Russian Foreign Minister Sergey Lavrov has dismissed a recent investigative report connecting the August 2020 poisoning of opposition figure Alexey Navalny to Russia’s Federal Security Service (FSB). Lavrov commented on the investigation during a press conference in Zagreb on Wednesday, December 16, which was reported on by Interfax.
All this news is amusing to read, but the manner in which it is presented says only one thing: that our Western partners don’t have any ethical standards and lack any skills of normal diplomatic work and [are unwilling] to comply with international legal norms when it comes to establishing facts.
According to the foreign minister, Moscow is “already accustomed” to Western countries “announcing accusations against Russia in the media, be it hackers, [or] be it some kind of sensation about the double and even triple poisoning of Navalny.” “It turned out that the first time his wife was poisoned,” Lavrov noted.
And the logic is this: they say, we announced for example, new facts that were discovered by the German special services about Navalny’s poisoning, but Moscow has been silent for two days already. If [Russia] is silent, it means she’s guilty. In my opinion, the flaw in this approach is obvious to any sane person.

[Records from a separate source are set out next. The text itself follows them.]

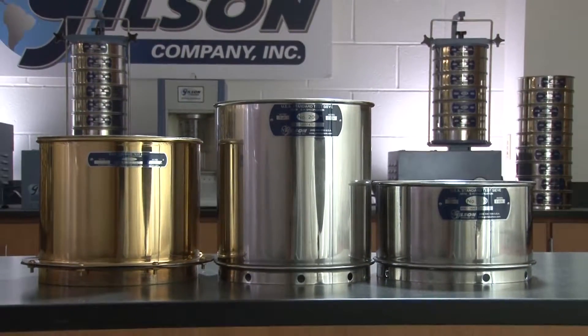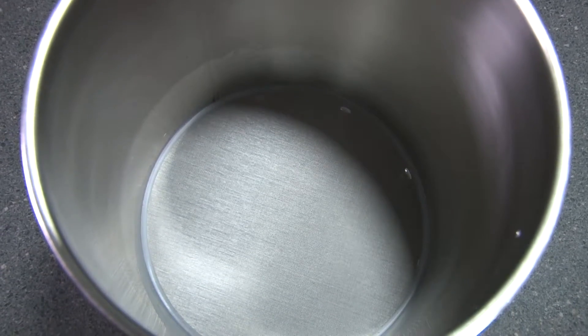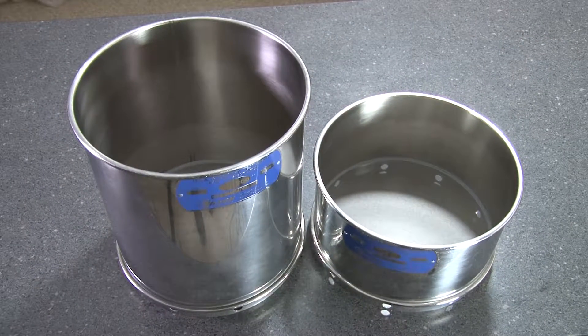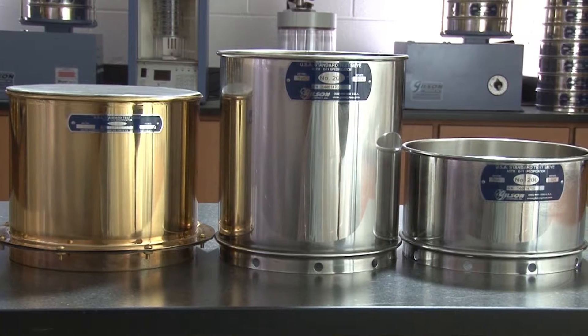Gilson also offers deep frame wet wash sieves with deeper frames to help minimize water and sample loss during agitation. These rugged sieves with stainless steel mesh come in either traditional brass frames or all stainless steel frames.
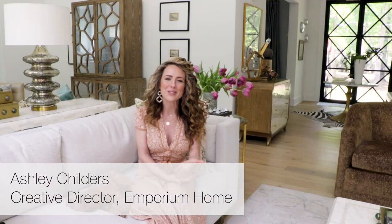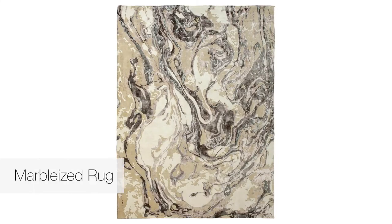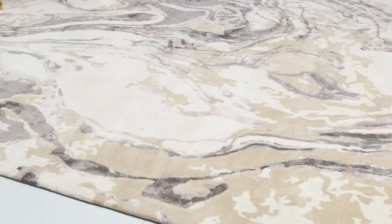The marbleized rug is one of my favorite rug designs in my collection. I created this rug from hand marbling a piece of paper in my studio — I love to hand marble paper, it's a really fun activity. I created the pattern by hand marbling the paper and then went in and added the colors and color palette that I wanted for this rug.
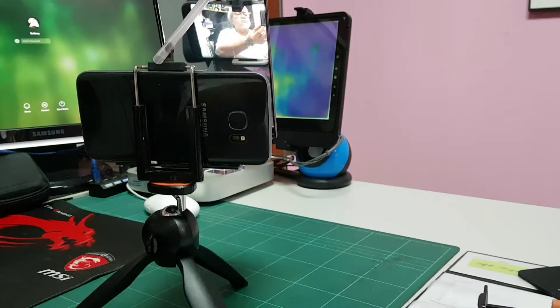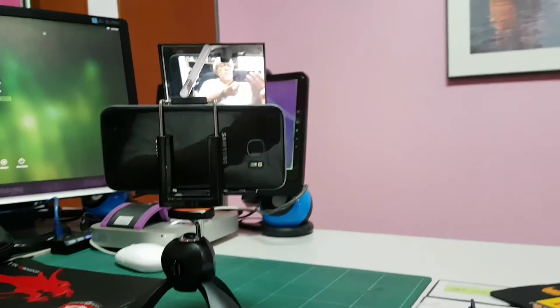Even with the plate at eye level, I'm able to see what I'm recording and there is no more guesswork.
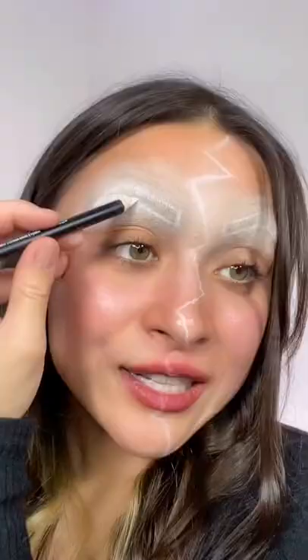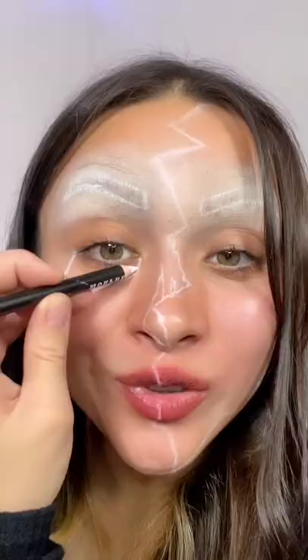We're back with another get ready with me. Today's look is going to be a little spooky, a little glam. Are you ready? I'm so excited — I'm not sure what to call it. You guys want to help out with the name?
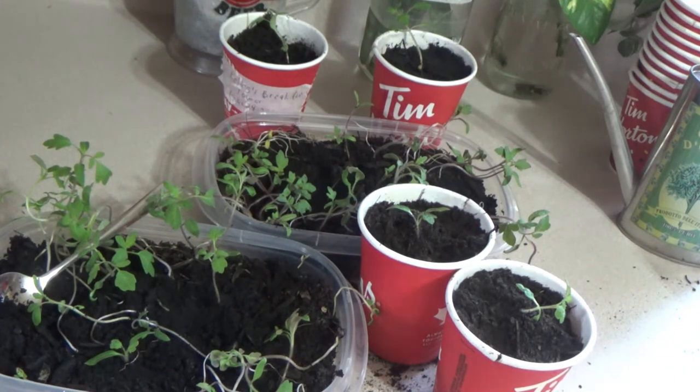A couple of fun facts about tomatoes: tomatoes are rich in lycopene, an antioxidant that's good for the heart and protects against certain cancers. Tomatoes are also packed with vitamin A, C, calcium, and potassium. There are around 10,000 varieties of tomatoes worldwide.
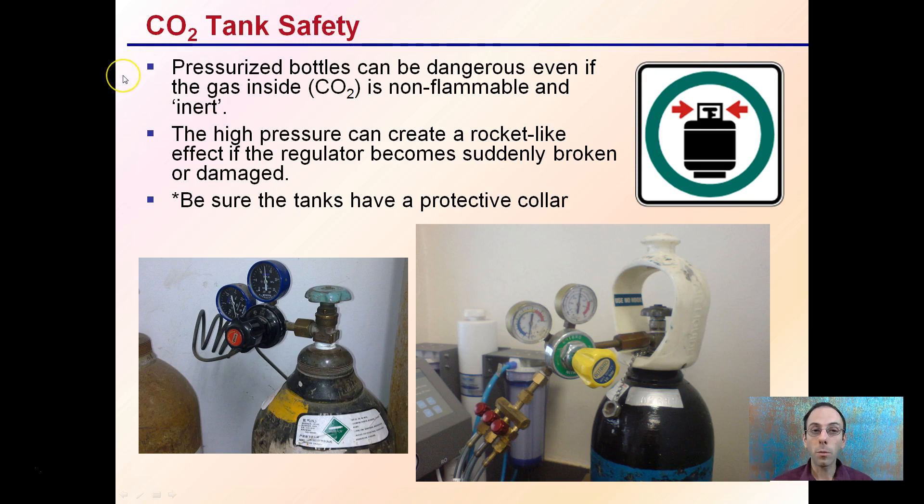CO2 tank safety: pressurized bottles can be dangerous even if CO2 is non-flammable and essentially inert. The high pressure can create a rocket-like effect if the regulator becomes suddenly broken or damaged. Be sure tanks have a protective collar — this tank here without one would be unsafe. If this valve were to break, it could create a very dangerous situation. You want that protective collar over the tank to reduce the chance of dangerous conditions if it were to fall over, break, or get damaged.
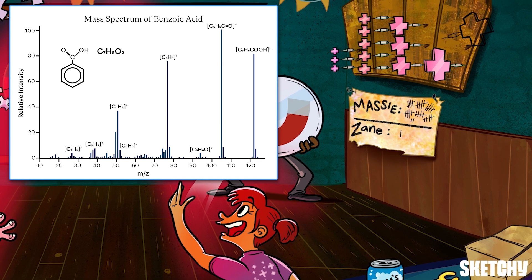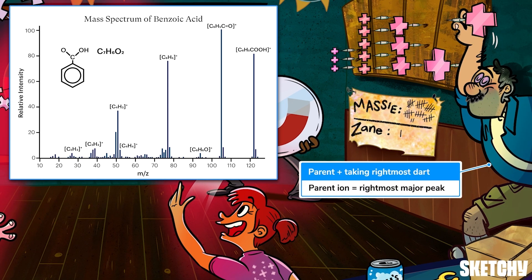Finally, the last thing to look for on a spectrum is the parent ion. Remember, that's the version of the entire molecule being analyzed that had one tiny electron knocked off. Since this should be the largest ion detected, the parent ion is the heaviest, farthest right major peak — that's why this parent is taking the largest, rightmost dart from the shelf. You may see a few tiny lines to the right of the parent ion, but these are usually just isotopes of the parent ion that have a few extra neutrons and therefore are just a smidge heavier. The M/Z ratio of the parent ion tells you the mass of the entire compound, which is often the only piece of information you're looking to glean from mass spec in the first place.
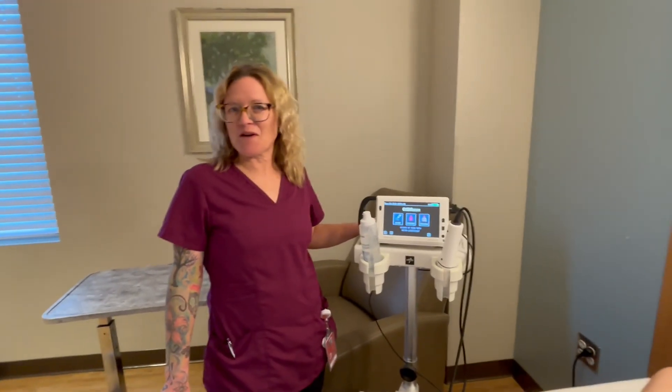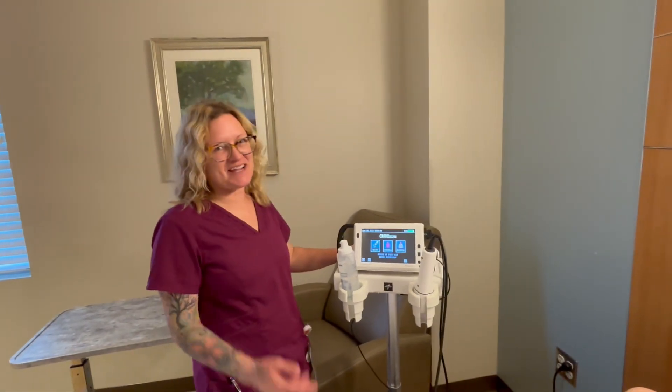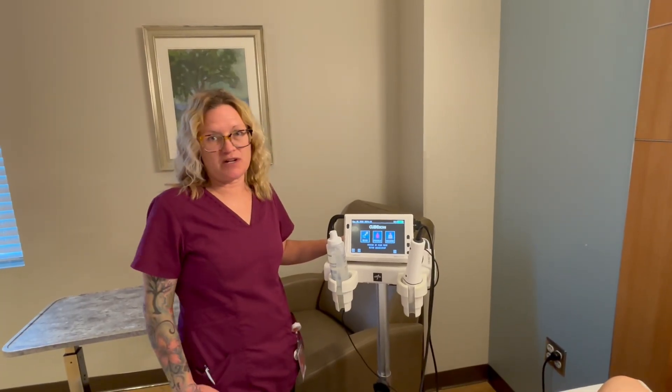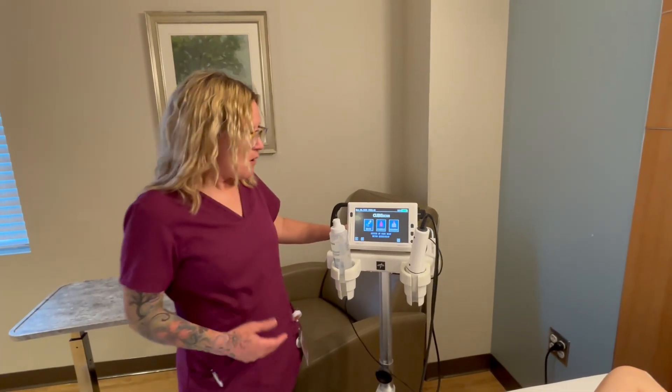Hi, Nurse Sherry here. Today we're gonna be going over how to use a bladder scanner. We use these to determine if anybody has residual urine in their bladder after they go to the bathroom or post-surgery.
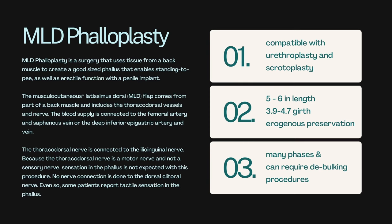So what are the top three things to consider? It is compatible with urethroplasty and scrotoplasty. In terms of size, you can expect five to six inches in length, 3.9 to 4.7 inches in girth, and you do have erogenous preservation because the clitoris is left untouched. Many phases are involved here, and it can actually require debulking procedures — that girth measurement kind of speaks for itself.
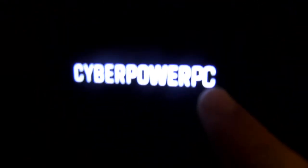CyberPower PC — that's what the keyboard is from. And listen to this. It's amazing.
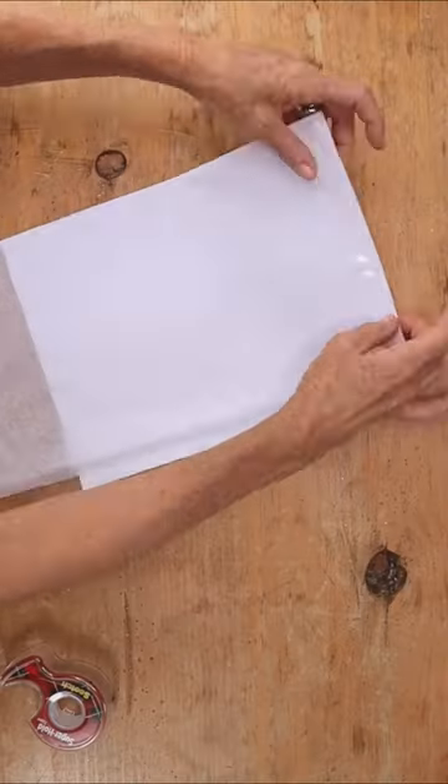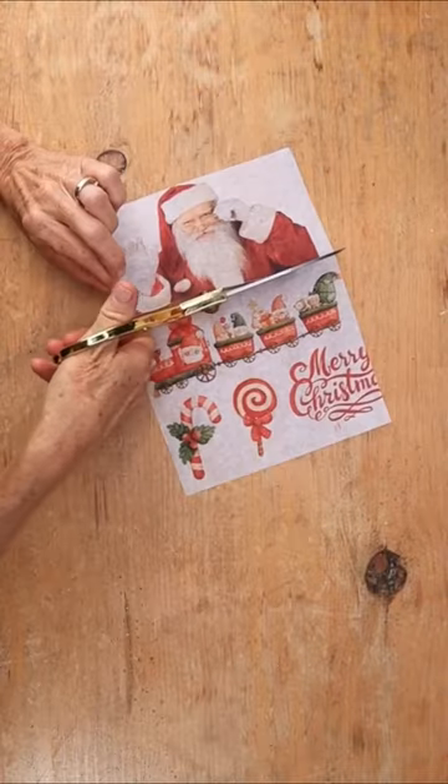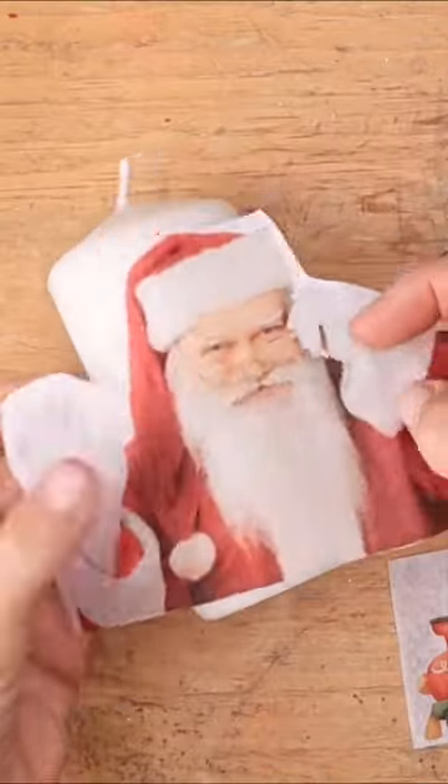Grab some tissue paper, tape it to printer paper, and print on your design. Cut it out all around the edges, and place onto a candle.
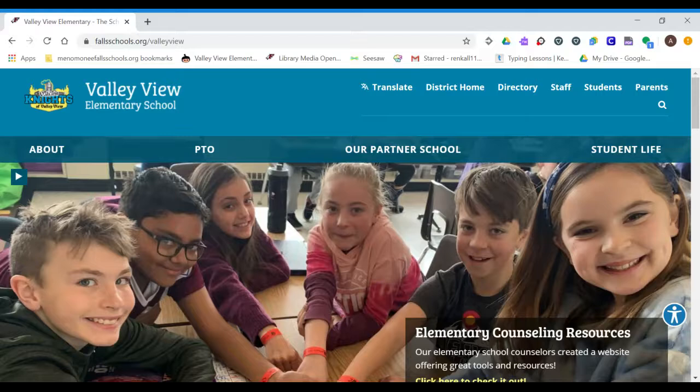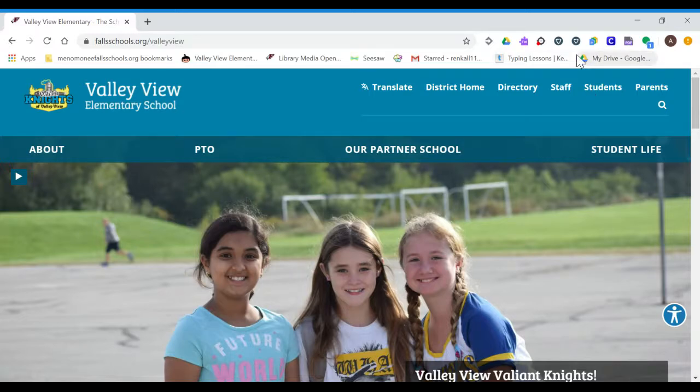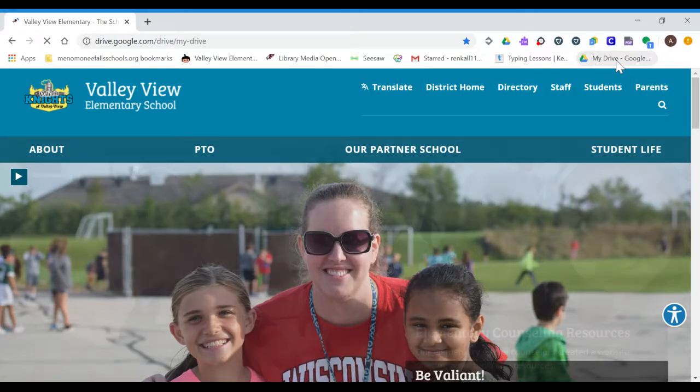And then we'd like you to find Google Drive. When you open your Chromebook, you'll probably see the Valley View homepage. Go up to your bookmarks bar — I put the bookmarks bar at the end here next to your checking — and you'll click on Google Drive.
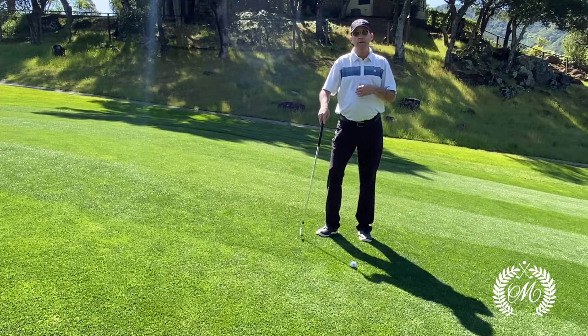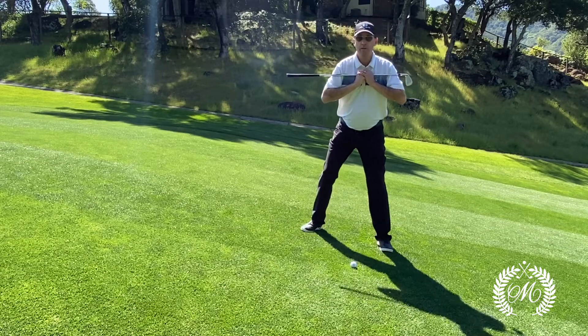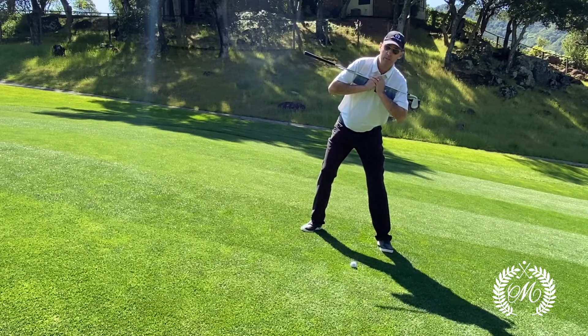The most important thing you want to do here is to make sure that your shoulders match the slope. So as you set up, you want to tilt your shoulders. Right handers, left shoulder goes down.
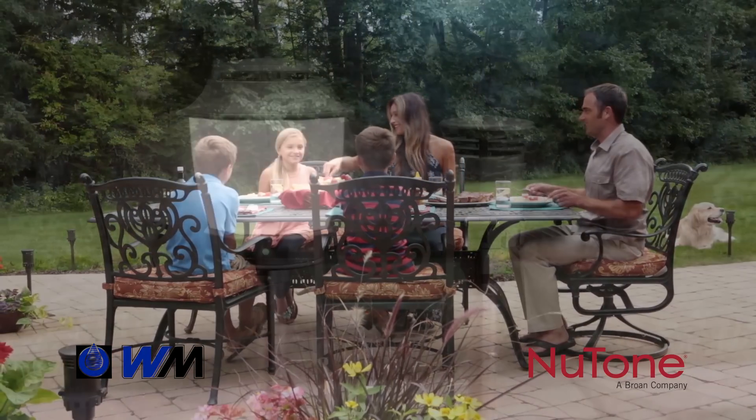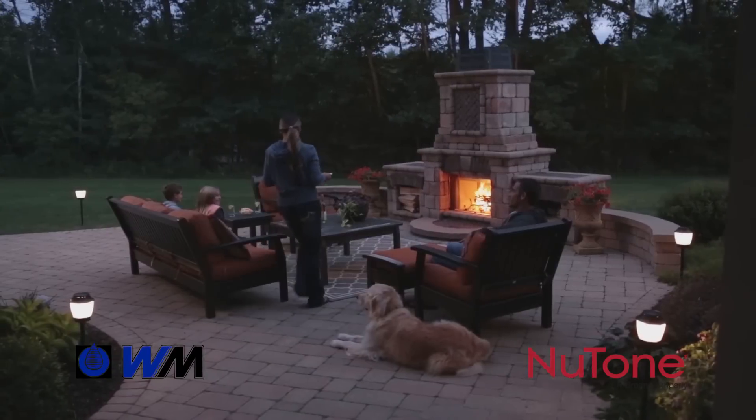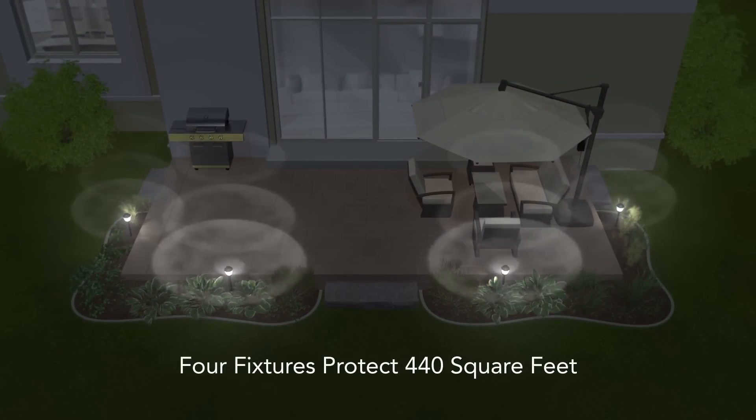Mosquito season is upon us, but WaterMaster can help with the Haven Mosquito Repellent System. Your family can finally enjoy your backyard without being hassled and bitten by annoying mosquitoes.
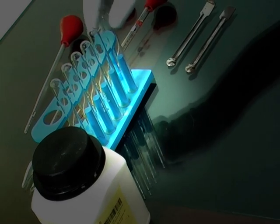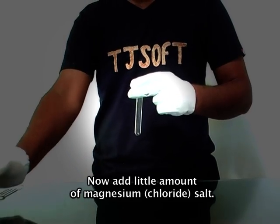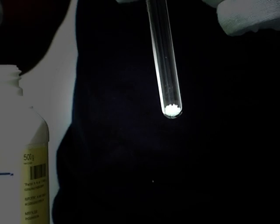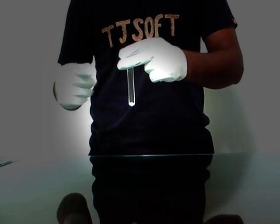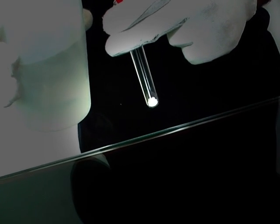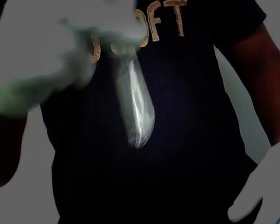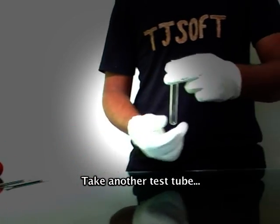Take a test tube. Now add a small amount of magnesium salt. Now add cold distilled water. Shake it well. This solution is called the original solution.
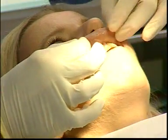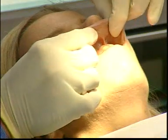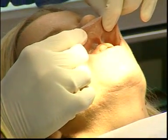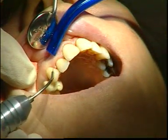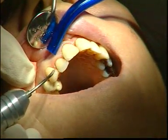In this young patient, we are performing a combined laser periodontal treatment with vestibuloplasty in the upper incisor region. The Aura laser jet is set to the S program.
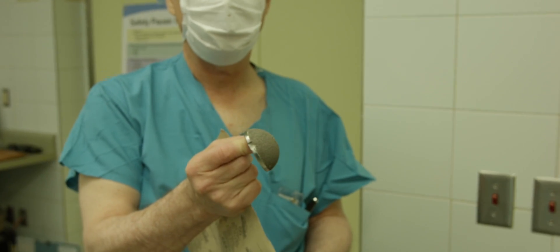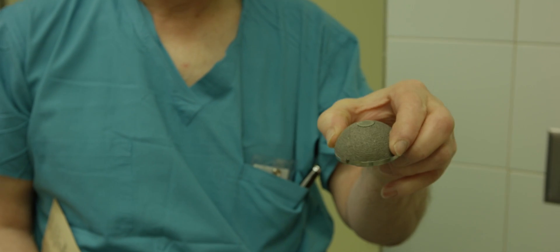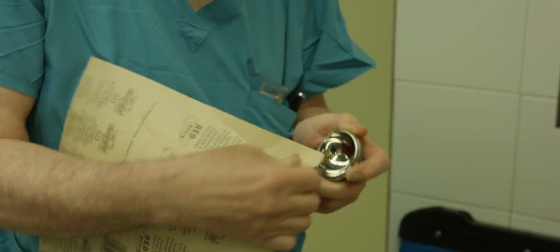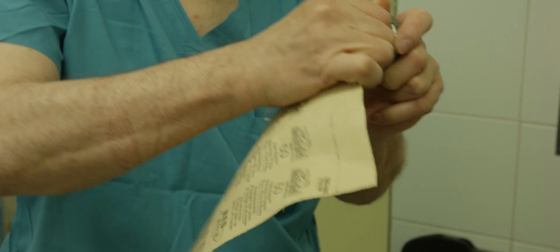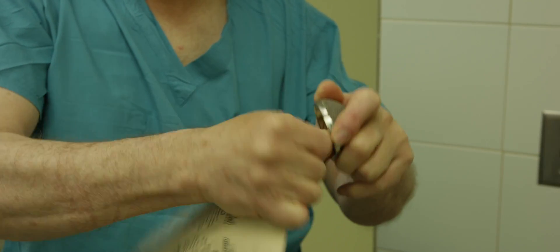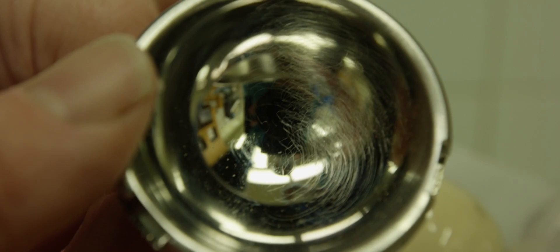The socket — an all metal socket. This one has very elaborate texture on the outside, so it'll be a little harder to see. You can see it really marks it up on the socket too.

On December 14, Bellingcat, The Insider, CNN, and Der Spiegel published an investigation implicating a special FSB sub-unit in poisoning Alexey Navalny with a Novichok-type nerve agent, after following him for several years. Navalny himself concluded that such an operation couldn’t have been carried out without the approval of FSB Director Alexander Bortnikov and Russian President Vladimir Putin.
The investigation also says that about two months before Navalny’s poisoning in Tomsk, this same group of FSB operatives attempted to poison him in Kaliningrad, causing his wife Yulia to fall mysteriously ill.
Navalny released a video about the investigation on his YouTube channel, which gained more than six million views within the first day. The Kremlin has yet to comment on the investigation: Putin’s spokesman Dmitry Peskov cancelled his daily press briefings on December 15 and 16.
Read more about the investigation
Navalny’s poisoning
Alexey Navalny was on a flight from Tomsk to Moscow when he fell violently ill on August 20. The plane made an emergency landing in Omsk, where he was hospitalized in a coma; two days later he was transferred to Germany for treatment. On September 2, German officials confirmed that Navalny was poisoned with a substance from the Novichok group of nerve agents. Navalny was discharged from the hospital on September 23. Russia denies any involvement in the poisoning.